Temperature: The standard system, manufactured predominantly from HDPE, is suitable for vessel working temperatures up to 160˚F (71˚C). For vessels operating at higher temperatures, components manufactured from stainless steel are available.
Retrofit Limitations: Most candidate vessels can be retrofit with online solids management systems by making use of existing drains and spare nozzles for water supply and solids-laden slurry removal. However, if such inlets are not available or are unsuitable, the cutting, welding, and certification of new vessel penetrations may be required.
Choke Wear: When a flowback spread is released before solids production has been minimized—as is the case when using an online solids management system to handle the remaining solids in the first stage separator—the wellhead choke and associated pipework are exposed to elevated solids and subject to increased wear. The cost of additional monitoring and maintenance in this area should be factored into the overall cost-benefit analysis but are generally low compared to the cost savings from early flowback spread release.
Conclusions and Industry Guidance
The back-production of solids from onshore wells, especially those completed with hydraulic fracture stimulation, is a persistent and costly challenge.
Flowback services deployed during the initial clean-up phase after a new well is turned in line are costly, and most wells will continue to produce solids after the flowback spread has been released.
Solids production is typically difficult to measure and intermittent in nature. Some vessels will therefore experience minimal solids accumulation over long periods in service, while others rapidly fill up with solids.
Excessive solids accumulation leads to reduced separation performance and solids carry-over into the water leg, damaging downstream valves, pipework, and equipment, and contributing to solids accumulation in storage tanks. This can cause out-of-spec product, equipment failure, spills, and fugitive emissions.
The vessel and tank cleanouts that must be performed to avoid these undesirable consequences are inherently costly (both in terms of service fees and deferred production) and hazardous to crew and the environment.

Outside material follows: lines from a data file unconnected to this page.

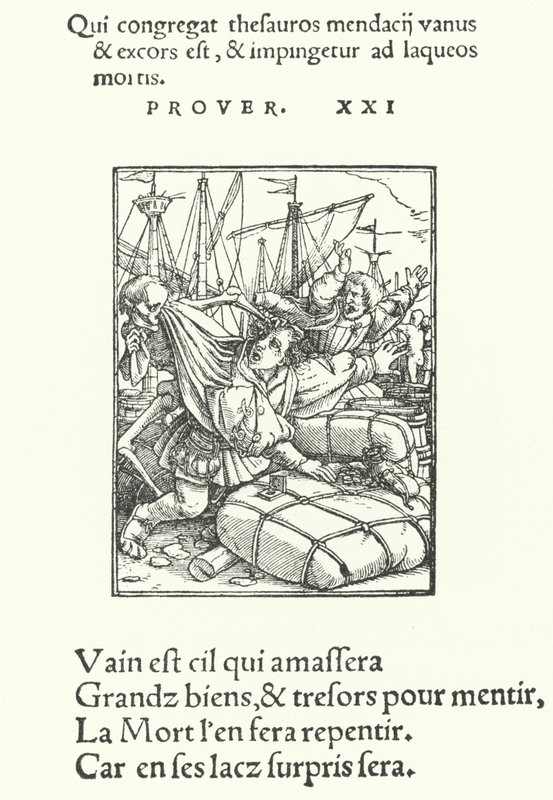 The Merchant (engraving) by Hans (after) Holbein the Younger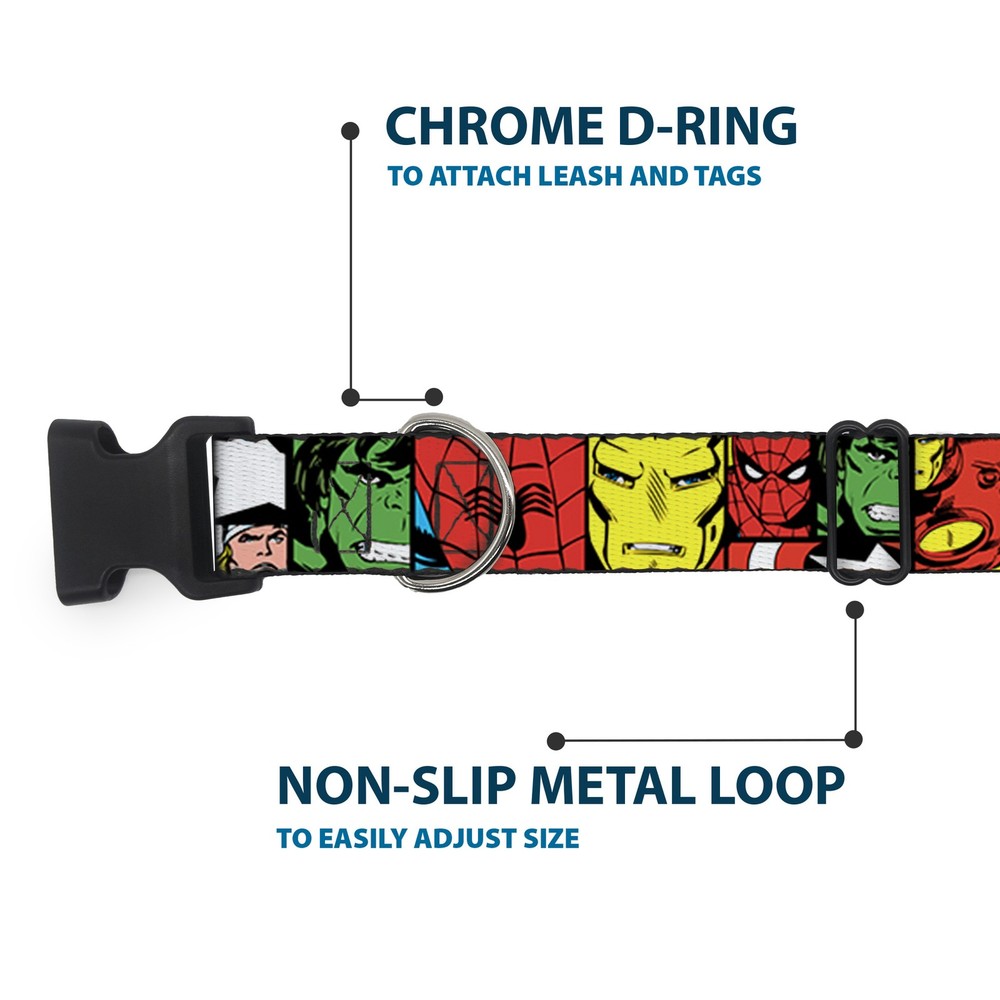 Plastic Clip Collar Marvel Superhero Comic Blocks Small 9.5-13"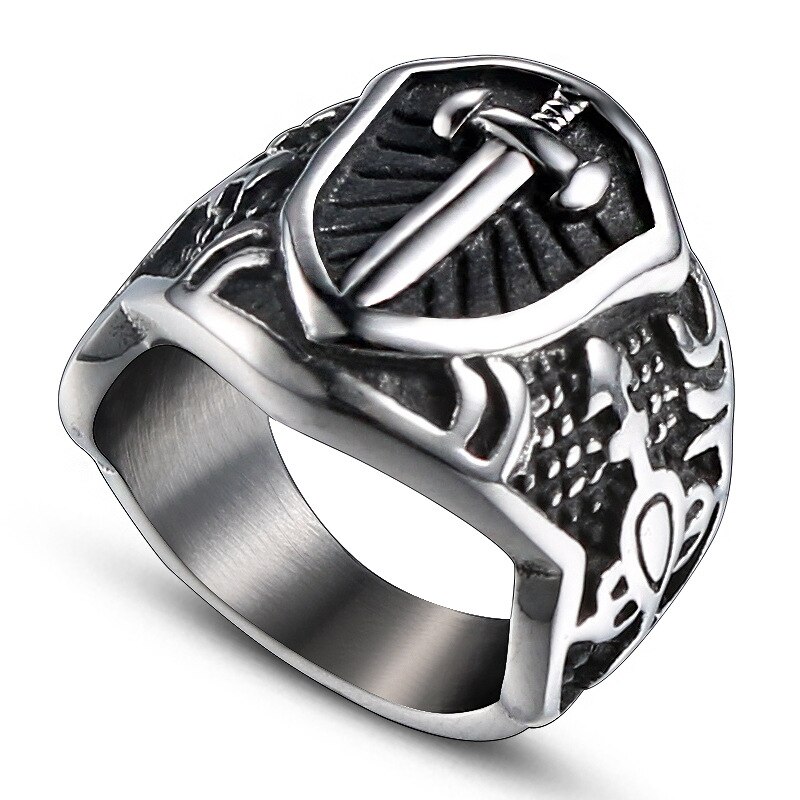 ring men big stainless steel for mens punk chip hop male man sword ring antique signet ring arthur swordslion accessories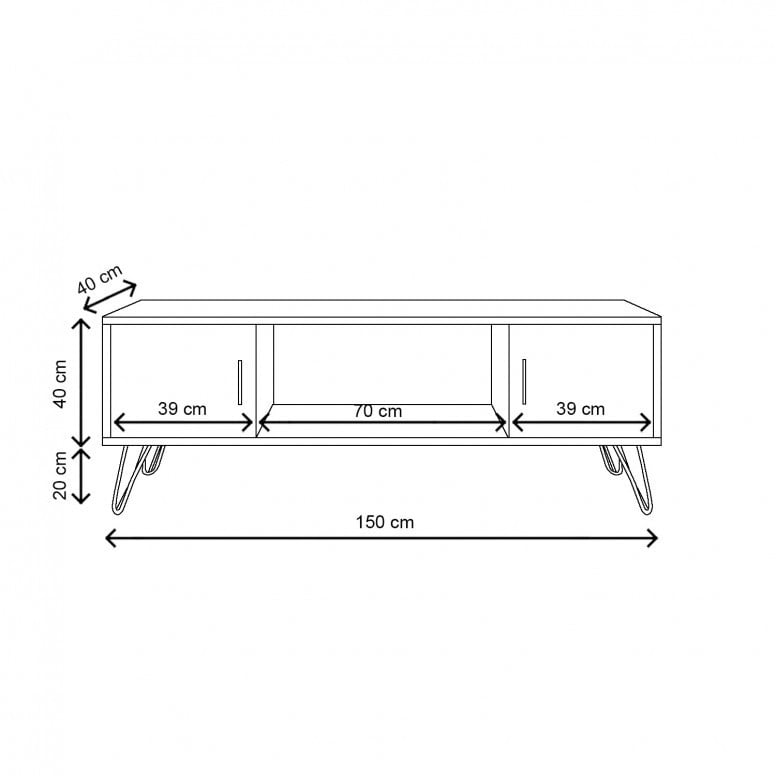 Comoda TV Salvador, Model Seyhan, 150x60x40 cm, Nuc - 4 | YEO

A superior solution has been developed using vortex fluidizing units that effectively remove solids while the vessel or tank remains in service. This avoids the need for process interruption and hazardous cleanout operations while greatly reducing the risk of downstream equipment damage due to solids carry-over.
Such systems are cost-effective, often paying for themselves within weeks by facilitating the early release of flowback equipment. Subsequent online cleanout operations are significantly cheaper than traditional cleanouts that required shutting down and draining the vessel or tank.
With more than 150 such systems in operation, online solids management is fast becoming the “standard of care” for production systems across the Permian Basin, with deployment in other liquids-producing onshore basins beginning to follow suit.
Operators are encouraged to evaluate online solids management for inclusion in their basis for design of new well pad and production facilities, as well as for retrofitting to existing vessels and tanks that are experiencing solids accumulation.
For more information on Wolf Process Technology, go to WolfProcess.com.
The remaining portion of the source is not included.